Upgrade times are dynamic and vary from airline to airline. It can be anywhere from 0-10 years.

  1. The shutdown affected ATC the most, but not really. They just worked without pay. Canada sent them free pizza! :grin:

  2. Come again?

  3. Open time is another dynamic realm. I’ve had months where I made double and months where I made a couple hundred extra. Straight up open time is priced at regular pay. Only when the airline is desperate do they offer 150% or more.

  4. It’s not hard to exceed min guarantee. I don’t keep track, but there are many ways it can happen. Using vacation time, trip guarantee, pay guarantee, open time…

  5. Again, it depends because it’s dynamic. All about luck of the draw. Typically, everyone starts on reserve as a junior FO or junior captain. True for both regionals and majors.

  6. Don’t know much about it. Never taken it myself. All I know is that people try to outsmart it and when they do they fail.


(Caleb Shearer) #15


Thank you for the replies, exactly what I was looking for. To clarify my #2, what I meant was more along the lines of a “Back in my day” kind of thing that was done that isn’t now that made better pilots than today. A specific example that I read about was the tendency of newer pilots to do less hands on flying on the ascent to 10k and descent from 10k whereas before the auto pilot was used less when below 10k. This is obviously just an anecdote, but I was curious if there was anything y’all had along those lines to impart to the incoming masses.

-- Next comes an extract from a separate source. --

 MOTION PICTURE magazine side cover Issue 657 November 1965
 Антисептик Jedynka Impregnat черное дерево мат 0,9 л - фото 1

And Tory, I apologize for not being more specific. I was referring to the actual Captain indoc/training length once you get a slot and how it compares to indoc for an FO.

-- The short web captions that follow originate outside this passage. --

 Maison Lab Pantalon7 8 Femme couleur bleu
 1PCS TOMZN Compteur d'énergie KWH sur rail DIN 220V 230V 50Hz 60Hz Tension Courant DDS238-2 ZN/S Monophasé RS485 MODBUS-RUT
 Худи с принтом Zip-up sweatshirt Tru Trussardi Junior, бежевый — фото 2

Thanks again for the replies,




  1. Other than dealing with a few not so happy TSA agents, the government shut down did not affect me in any way.

  2. I would not say there have been any major changes since I started flying. We are still pretty much flying the way I was taught.

  3. Picking up open time can have a dramatic effect on your income levels. At the regionals, it can affect your ability to upgrade as some of them have minimum hours for new captains, at the majors this is not the case, so it is purely an income related thing. I can usually add about 15-20% to my paycheck by picking up open time.

  4. I almost always go over the guarantee. Usually it is a combination of both of the factors you mentioned.

  5. Generally speaking, the unspoken laws of seniority apply the same at the regionals and the majors. There are a few pilots who enjoy reserve, but most seem to prefer a line.

  6. I would not worry about the Hogan test. I have not heard of any of the regionals using it and most of the majors do not either.


(Tory) #17


Ah. Yes. I understand now. Upgrade training is about the same amount of time as initial indoc. The only difference is less OE time. As an FO, IOE for my airline is 50 hours. As a CA, OE is 25 hours.